◆ **Problem**
Produce a verbatim copy of the records, and keep the images out of it.

[Entries taken from a collection]
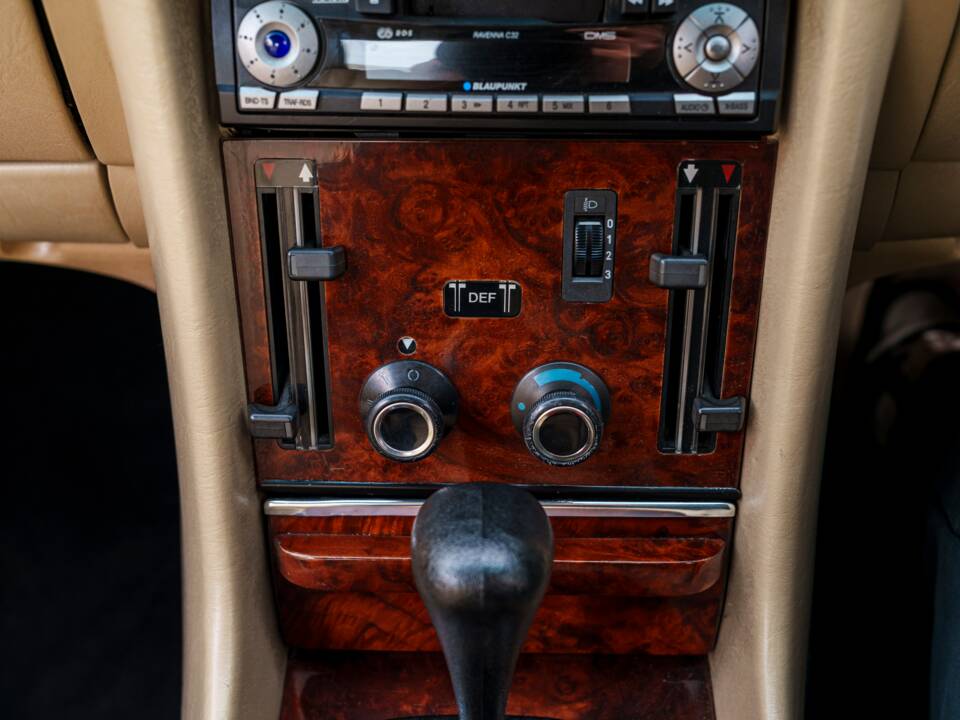 Imagen 20/28 de Mercedes-Benz 380 SL (1985)
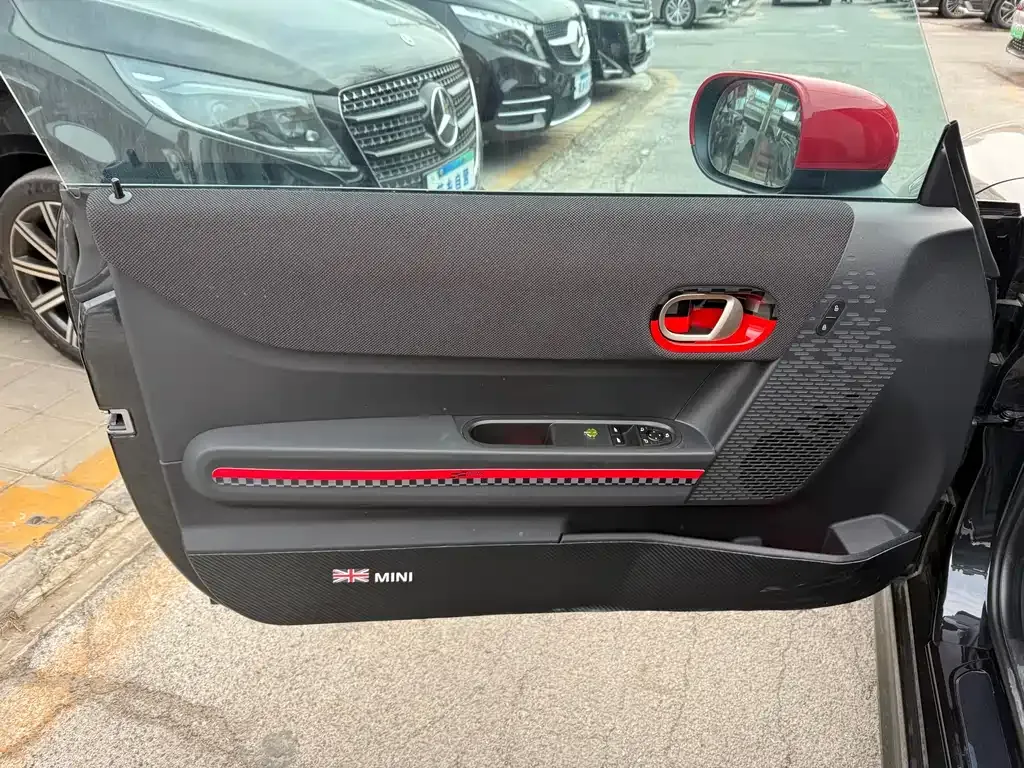 MINI JCW (John Cooper Works) 2025 из CN, фото 9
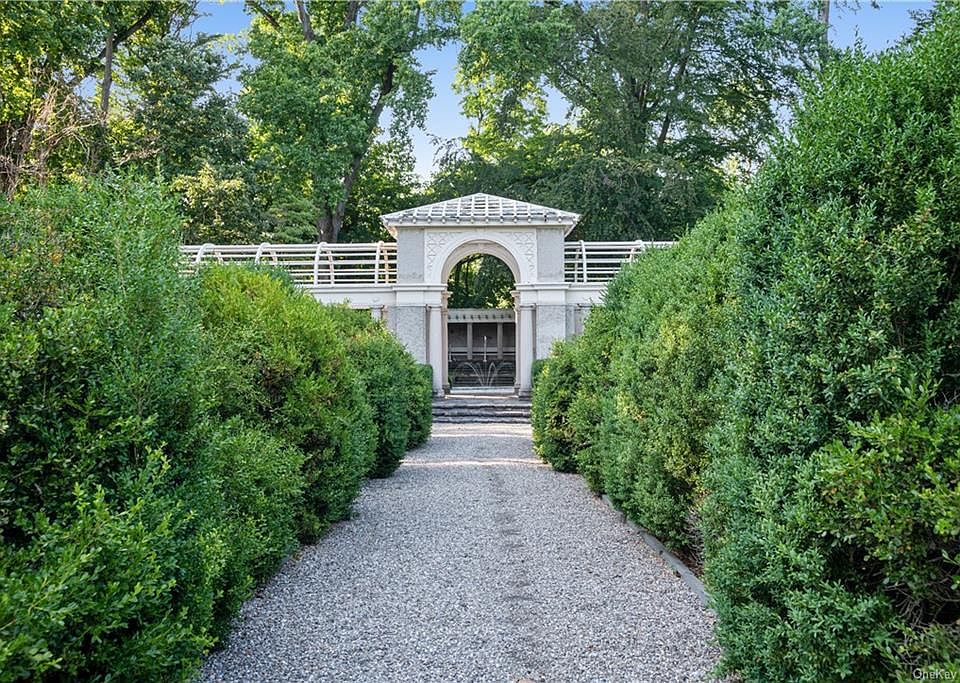 1st image of 25 Beechwood Way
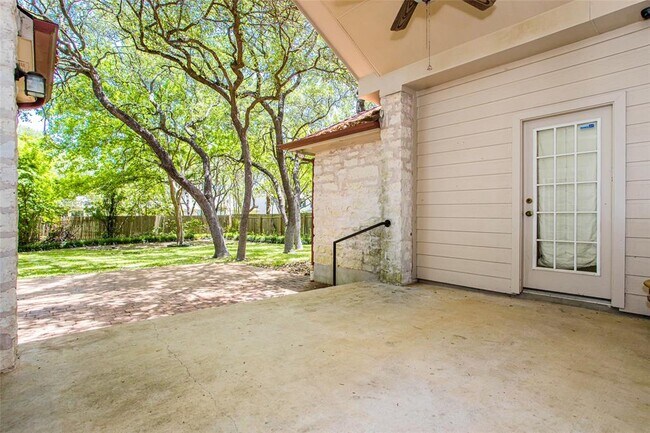 Building Photo - 3605 Bayton Dr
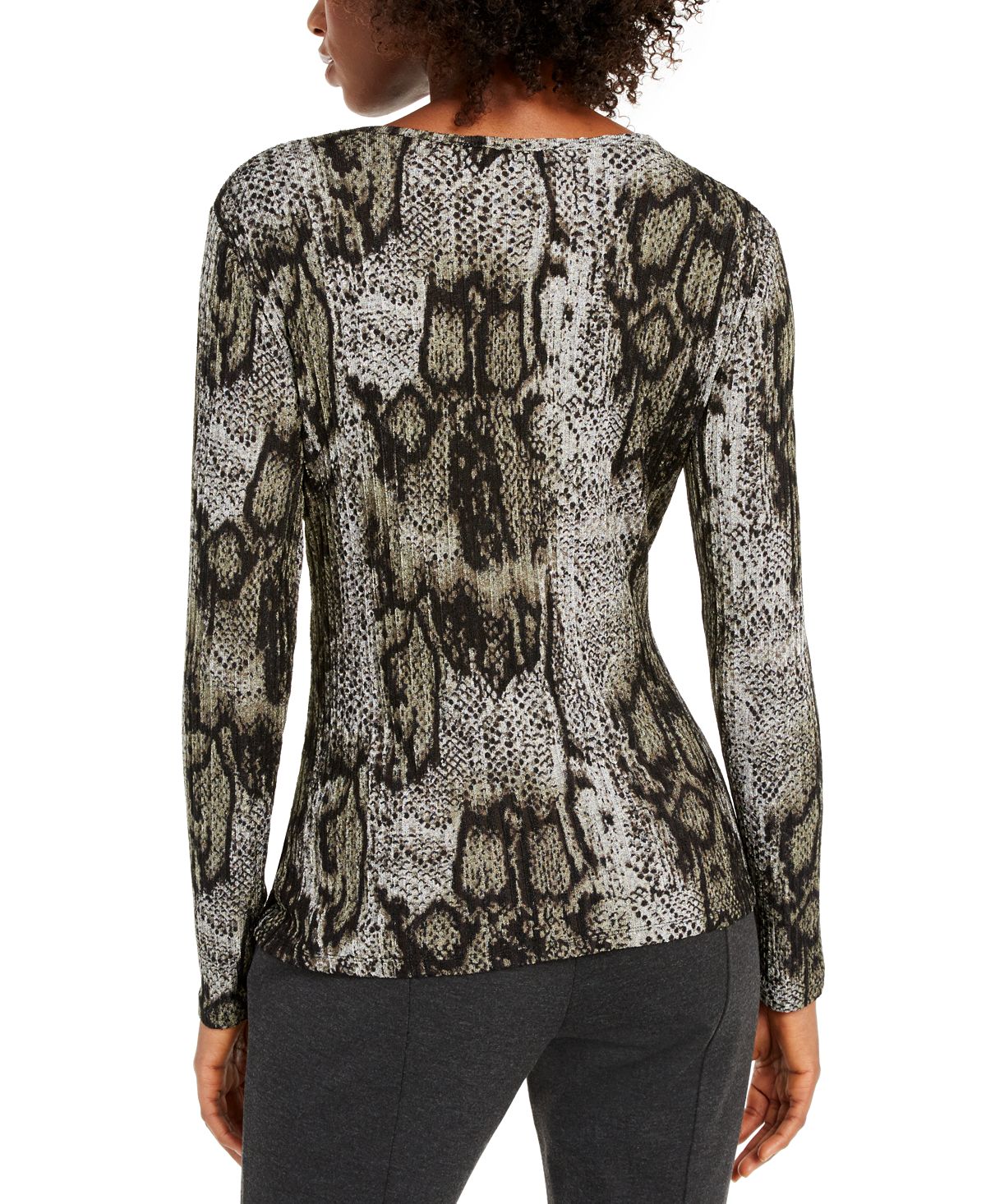 Blusa feminina com estampa animal e frente torcida INC International Concepts - Verde, tamanho XX-G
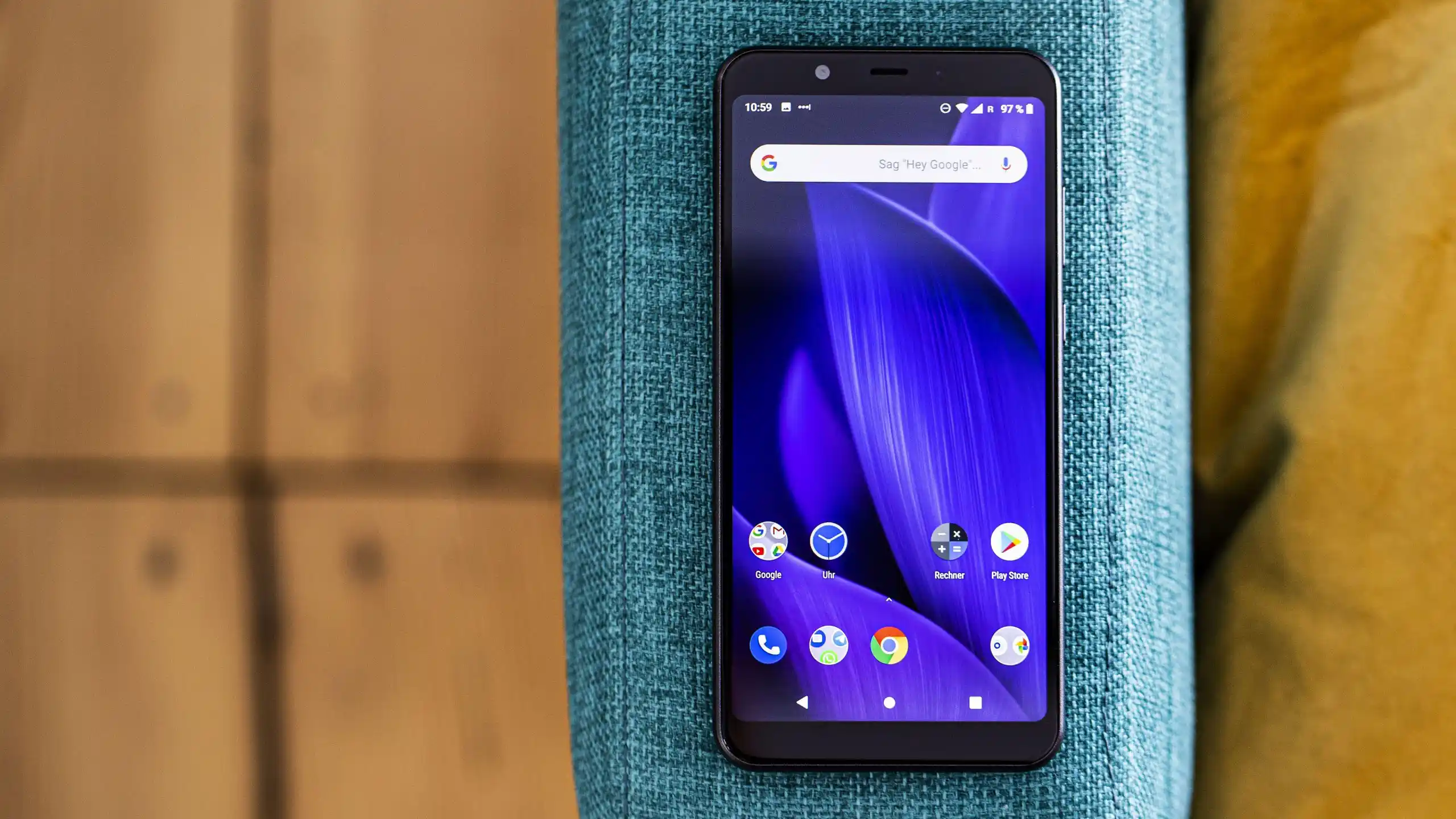 Смартфон Sharp Aquos V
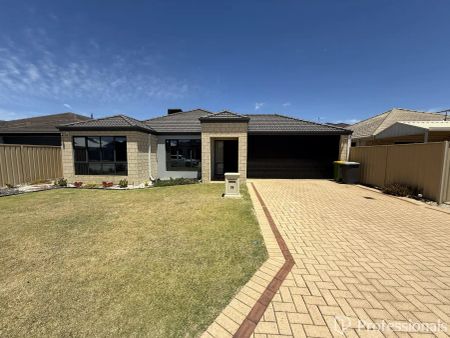 “Home in the Heart of Canning Vale!” - Photo 4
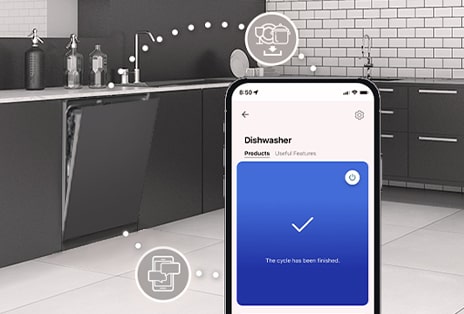 Foto di uno smartphone che comunica con la lavastoviglie attraverso l'app LG ThinQ.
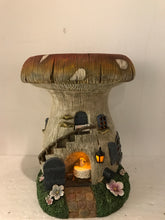Load image into Gallery viewer, Mushroom House Plant Table
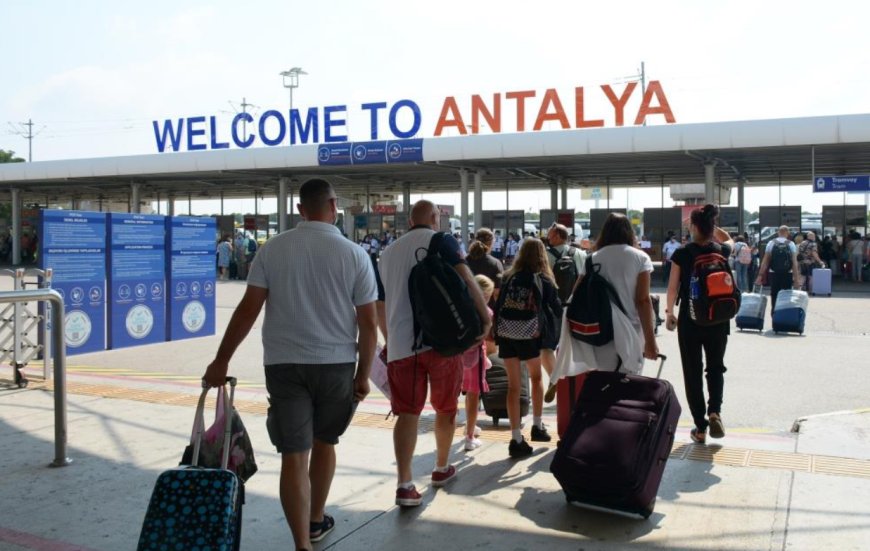Antalya 2026'nın İlk 5 Ayında 3,5 Milyon Ziyaretçi Ağırladı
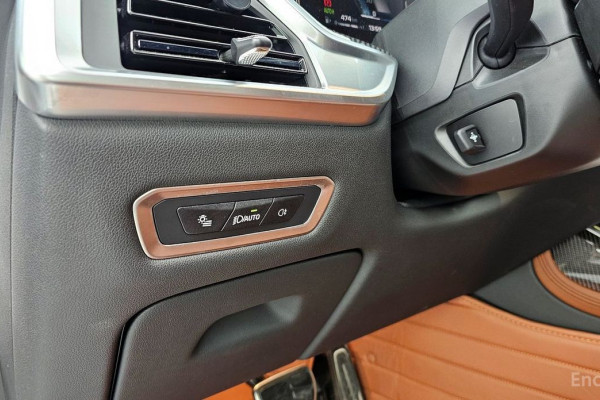 2024 BMW X7 с пробегом 17 316 км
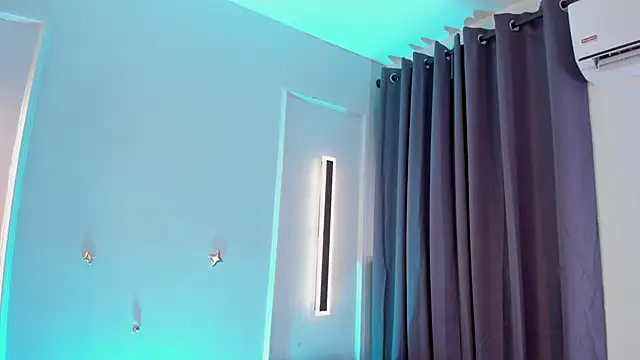 maddy walker online show from September 16, 2025, 8:43 pm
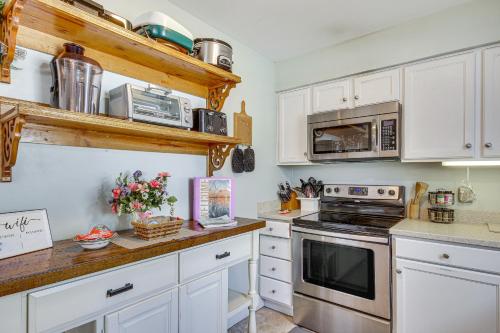 Pet-Friendly Lakehouse View Tower and Fire Pit! in Lake Murray Shores, USA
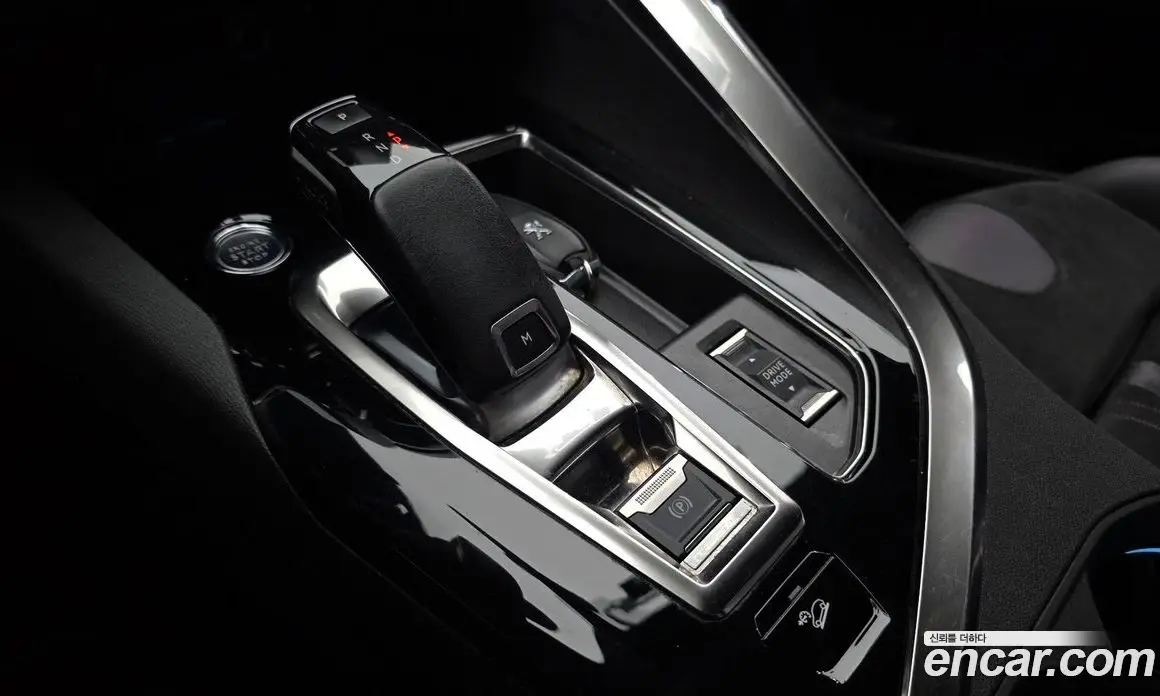 Peugeot 5008 2021 1.5 автомат (гидро), фото 12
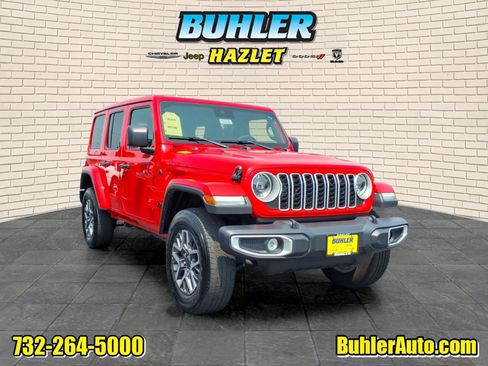 Certified 2025 Jeep Wrangler Unlimited Sahara AWD/4WD image 1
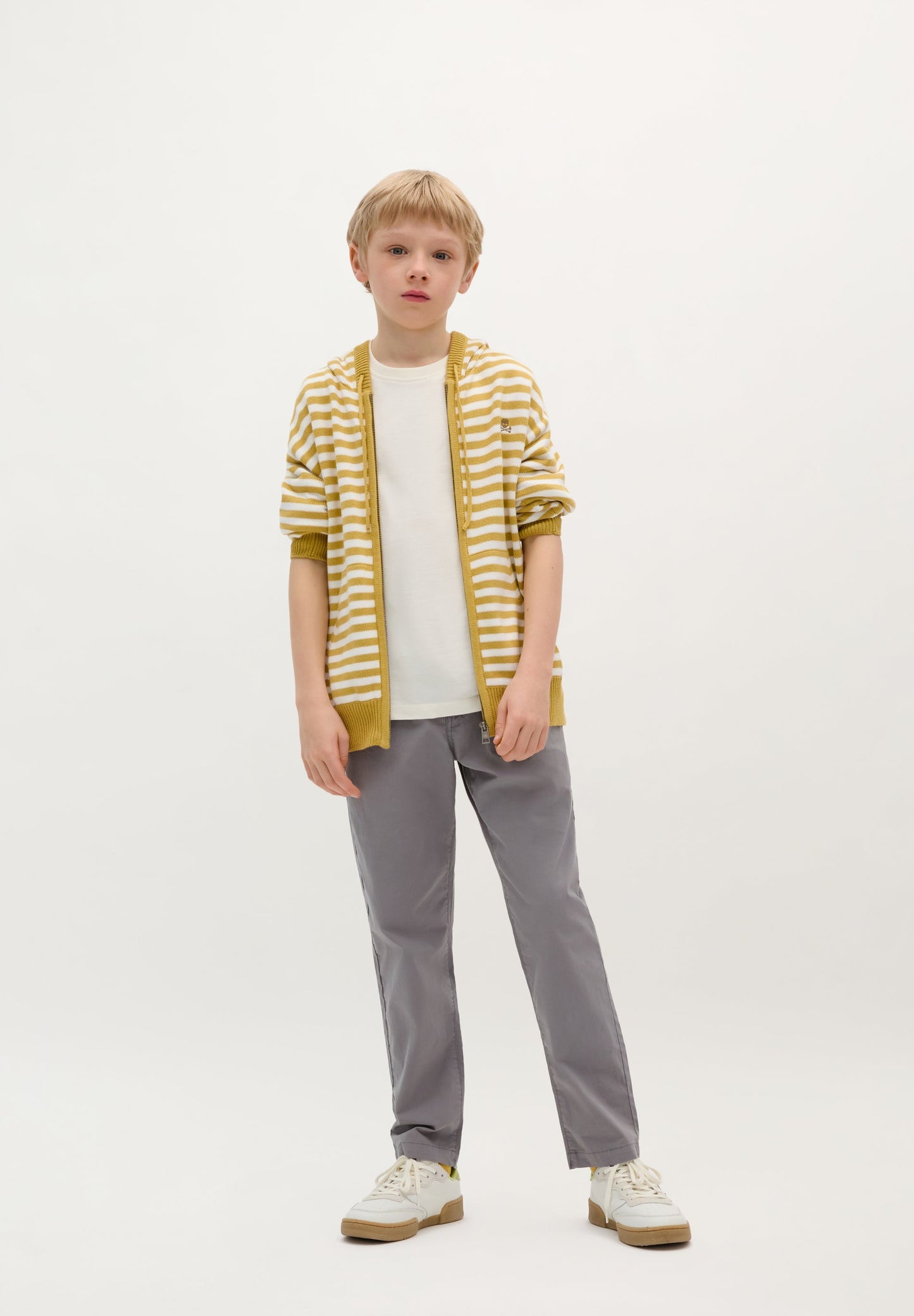 SWEATSHIRT DE MALHA ÀS RISCAS COM ZIP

◆ **Task solution**
 Imagen 20/28 de Mercedes-Benz 380 SL (1985)
 MINI JCW (John Cooper Works) 2025 из CN, фото 9
 1st image of 25 Beechwood Way
 Building Photo - 3605 Bayton Dr
 Blusa feminina com estampa animal e frente torcida INC International Concepts - Verde, tamanho XX-G
 Смартфон Sharp Aquos V
 “Home in the Heart of Canning Vale!” - Photo 4
 Foto di uno smartphone che comunica con la lavastoviglie attraverso l'app LG ThinQ.
Load image into Gallery viewer, Mushroom House Plant Table
Antalya 2026'nın İlk 5 Ayında 3,5 Milyon Ziyaretçi Ağırladı
 2024 BMW X7 с пробегом 17 316 км
 maddy walker online show from September 16, 2025, 8:43 pm
 Pet-Friendly Lakehouse View Tower and Fire Pit! in Lake Murray Shores, USA
 Peugeot 5008 2021 1.5 автомат (гидро), фото 12
 Certified 2025 Jeep Wrangler Unlimited Sahara AWD/4WD image 1
 SWEATSHIRT DE MALHA ÀS RISCAS COM ZIP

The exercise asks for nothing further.